Zero records, time-variance and point-in-time selection
While finalising the posts for the overall Data Vault ETL implementation I have also started thinking about how to document the next steps: the loading patterns for the Presentation Layer. From here on I will refer to the Presentation Layer, Data Marts and Information Marts simply as ‘Information Marts’. This reminded me that I haven’t yet properly covered the ‘zero record’ concept. This is a timely consideration: the whole reason that zero records exist is to make the (ETL/query) step towards the Information Marts easier!
The zero record is not considered ‘standard’ in Data Vault and isn’t often mentioned in the available materials (at least not at the time of writing). However, it does appear in many implementations so there must be a good reason for this…
Zero records essentially make sure that every (information for a) key you track over time (is ‘effective dated’) has a starting point in time. Therefore this concept only applies to entities that contain time-variant context information such as the Satellites and Link-Satellites entities in Data Vault. However, it also applies to pretty much every historical data set including 3NF history tables and others.
When a new key/record is created, this is driven by a change in the operational (source) systems. Regardless of which effective date/time you select (read this for more information) the timeline for this key’s context information starts at a that effective date. A certain point in time, onwards. The available timeline for that context is therefore from ‘now’ (the effective date/time) to ‘eternity’ (high date such as 9999-12-31).
When changes occur for this key/context after this point in time, the record is (conceptually) end-dated and new records are added to reflect this change over time. The key’s timeline will become more fragmented.
For example, if a person record ‘John’ with favourite color ‘Red’ is created on the 5th of June 2013 a timeline is created as follows. In this example key 25 refers to ‘John’.
With subsequent changes being picked up by the system, this might result in the following recordset:
- Which values are used for the low-date and high-date are subject to discretion, and sometimes even to the platform that is in place. I favour ‘1900-01-01’ and ‘9999-12-31’ but different dates can be used to implement the timeline concept. Bear in mind that different date/time data types (per system) may have different ranges of allowed content!
- End dating can be derived, as it’s defined as the effective date of the previous record. This can be virtualised as is covered in this post
- This is all very standard, but long term discussions apply for the exact nature of the end date/time (is it exactly the same as the previous effective date/time, or the date/time minus 1 second etc.). As with many of these concepts, there are many options and considerations and I will leave this conversation out of scope
So far so good, and with this information you can query the Data Warehouse to represent information ‘as it was’ at a point in time. For instance in the first example we can query the favourite colour on for instance the 7th of December 2013 as being ‘Red’, and in the second example the colour at the same date is ‘Blue’ (used to be ‘Red’).
But if you use,say, the 1st of February 2012 as your date of measurement you won’t see the record: it will not be returned by the query. This is where the zero records come in; they make sure that there always is ‘something’ to make the row return in the query.
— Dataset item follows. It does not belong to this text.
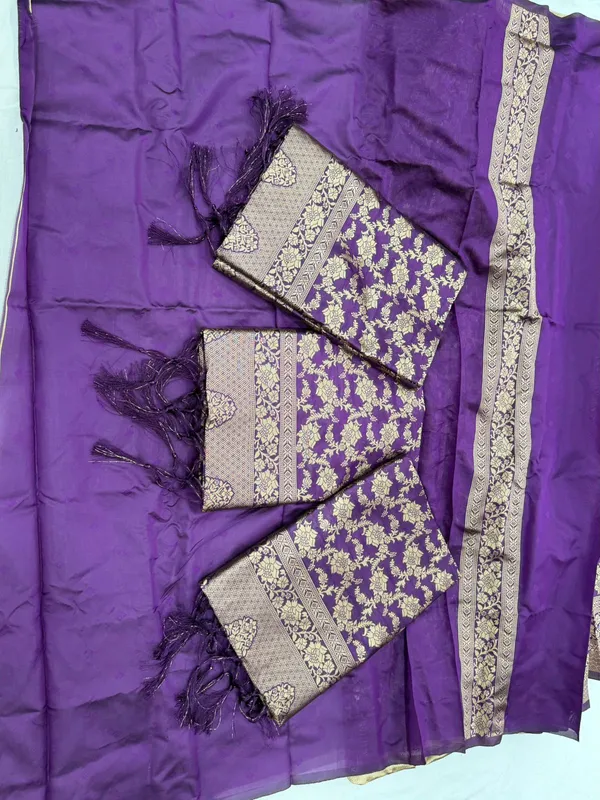 Premium_Purple_Soft_Silk_Saree_with_Rich_Pallu_and_All-Over_Jacquard_Work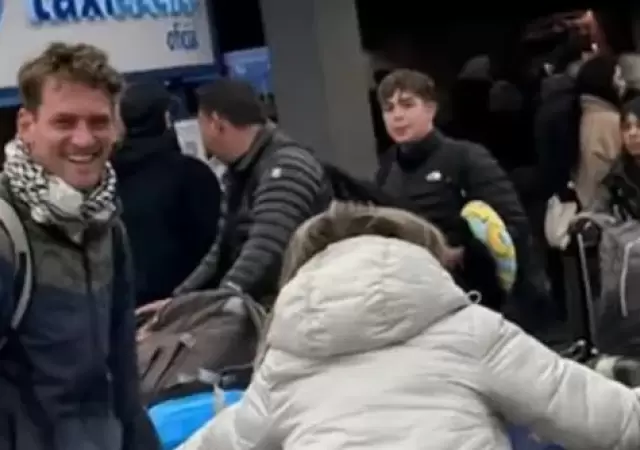 Andr�s De Nastchokine al llegar a Argentina desde Italia este lunes.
This looks as follows:
And for the second example:
To conclude, the zero record concept ensures that a point-in-time query always returns all records. This is especially important when merging two time-variant datasets; this will be covered in the next post as this is the final step towards virtualising the Information Marts. You only need a single zero record per key to be able to complete each individual timeline. This means that you add an extra record for every key, which in itself can amount for a relatively large overhead in storage/performance depending on the volumes and rate of change.
Zero records are essentially redundant, and can be omitted at the cost of (significant) query complexity. This is important to realize as a solution designer can opt for this query overhead and save on storage of redundant rows if sufficient horsepower is available (cloud MPPs come to mind). In terms of additional complexity think of a factor 4-5 increase in the query lines due to multiple self outer-joins when merging multiple time-variant datasets. As before, this is material for the next post and an interesting discussion in itself.
When choosing the context values for the dummy record I actually tend to leave them empty (NULL). The other option would be to evaluate the data type and add a default value (‘Unknown’ for varchars, -1 for numeric). Regardless, you can derive this any which way for different presentation requirements in the Information Marts. The key thing is to make sure the rows are returned. With this in mind I favour using NULL values in the Integration Layer as I can be a purist sometimes, and you really don’t know anything about the key for that point in time. If the business requirement is to represent this this early state as ‘unknown’ I can evaluate this accordingly towards the Information Mart.
On a final note: I find that it is not correct to refer to zero records as mere dummy records. The zero records appear to be similar to dummy placeholder values (-1,-2,-3 etc.) and the whole taxonomy of ‘unknowns’. I usually refer to these records as ‘initial timeline records’ to make the distinction to true dummy values as placeholders, which themselves can’t really be omitted.